It was about 7 am on Friday morning, November 30, 2012, and I was taking the day off. Just as I settled down to a cup of coffee and the newspaper, my cell phone started ringing, and I immediately recognized Conrail’s Chief Risk Officer was trying to reach me. He greeted me with “four tank cars in the Mantua Creek, one breached and a vapor cloud of vinyl chloride is over the town”. The town was Paulsboro, NJ. Over the next fortnight, I learned the meaning of crisis management first hand.

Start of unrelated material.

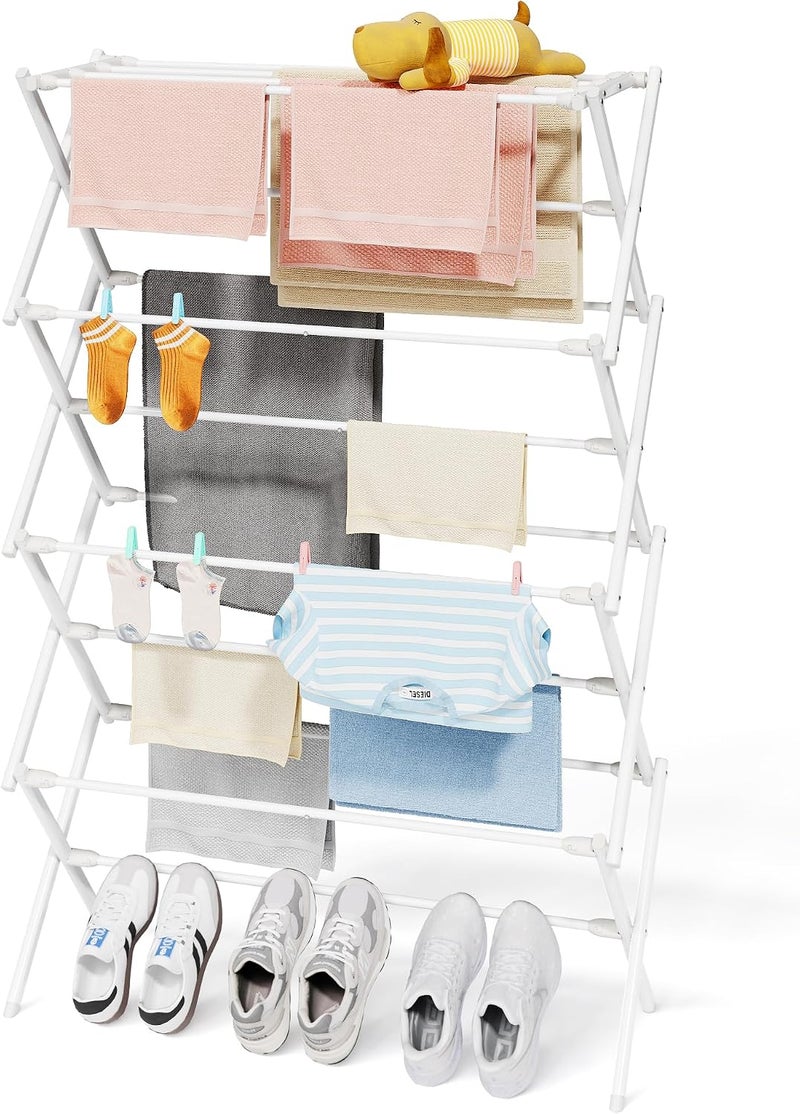 Sakugi Foldable Clothes Drying Rack – Metal Laundry Drying Rack with Non-Slip Feet, 4-Tier Space-Saving Clothing Rack for Organization, Indoor & Outdoor Use, 11.4" D x 29.1" W x 50.0" H, White - Image 1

The first thing I did was call our claims department to get folks on the scene to assist those affected. Our CRO had already contacted our emergency response providers. The next thing was to contact our insurance broker to notify our general and property liability towers. I turned on the TV, and aerial pictures of the scene were on every channel (the President was due in town that day across the river at the airport). I called two of our internal lawyers, one who handled media relations and one who managed our environmental litigation to get to Paulsboro as soon as possible. I then jumped in my car to head to our operating headquarters knowing the National Transportation Safety Board would be convening an emergency conference call of all stakeholders to explain the rules of the road for such an incident.
I am a trained commercial lawyer, focusing on litigation and transactions. Never in my 30 years as an attorney had I faced this type of situation; a situation only magnified by social media and the 24-hour news cycle.

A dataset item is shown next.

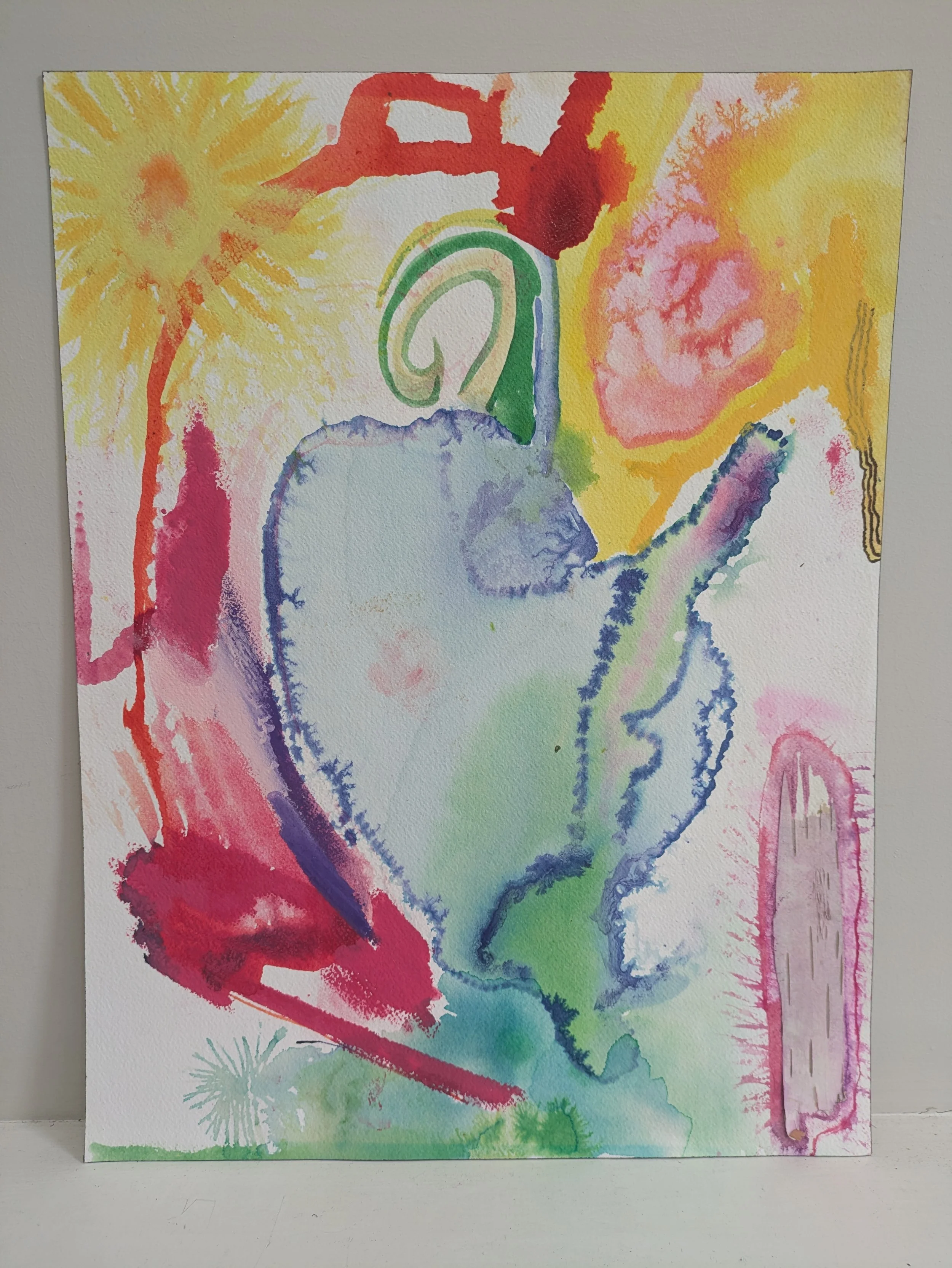 Sunlight, 2018, Watercolor, ink and earth material on watercolor paper, 16x12in (40.5x30.5cm)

When I arrived at our New Jersey offices, I was deluged by phone calls from our corporate owners, wanting to make sure we had sufficient resources. The first thing they did was send a team from a public relations firm to assist us. The next thing I learned was that the U.S. Coast Guard had taken jurisdiction over the incident, wresting it from the NTSB. When I finally got to the general incident site that afternoon, there were already 400-500 people engaged. The USCG had set up an incident command that strictly followed military protocol.

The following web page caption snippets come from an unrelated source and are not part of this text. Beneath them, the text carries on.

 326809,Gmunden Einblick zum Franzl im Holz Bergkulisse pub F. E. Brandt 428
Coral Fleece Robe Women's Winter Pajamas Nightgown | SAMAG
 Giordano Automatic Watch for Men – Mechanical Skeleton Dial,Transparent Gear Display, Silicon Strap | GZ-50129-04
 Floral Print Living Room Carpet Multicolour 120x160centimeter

Over the next 24-72 hours, as the Responsible Party, we had to provide enormous financial and human resources to meet the requirements of the Coast Guard. We had to make scores of critical decisions each hour. At one point, we were incurring costs of $1M a day. We had to coordinate and then support an evacuation of 10% of the town; providing hotel rooms, meal vouchers, dog sitters and anything else you could imagine. At the same time, state and federal officials paraded through the command center. The press was omnipresent.
Never in my 30 years as an attorney had I faced this type of situation; a situation only magnified by social media and the 24-hour news cycle.
We also had to try and assemble our own legal team to preserve evidence, begin to conduct an investigation into the incident (the NTSB puts strict limits on any investigatory activities during an active incident). We had to respond to the first lawsuits within 48 hours of the incident as plaintiff’s lawyers jockeyed for control. And, at the same time, we needed to keep our Board of Directors and our insurers constantly apprised of developments.
Anyone who has experienced anything like this endures what becomes a life-changing experience. In many respects, it felt like my entire career had culminated at this moment. In-house counsel serves as the critical linchpin to coordinate and manage all disciplines in what can be an existential crisis for a business.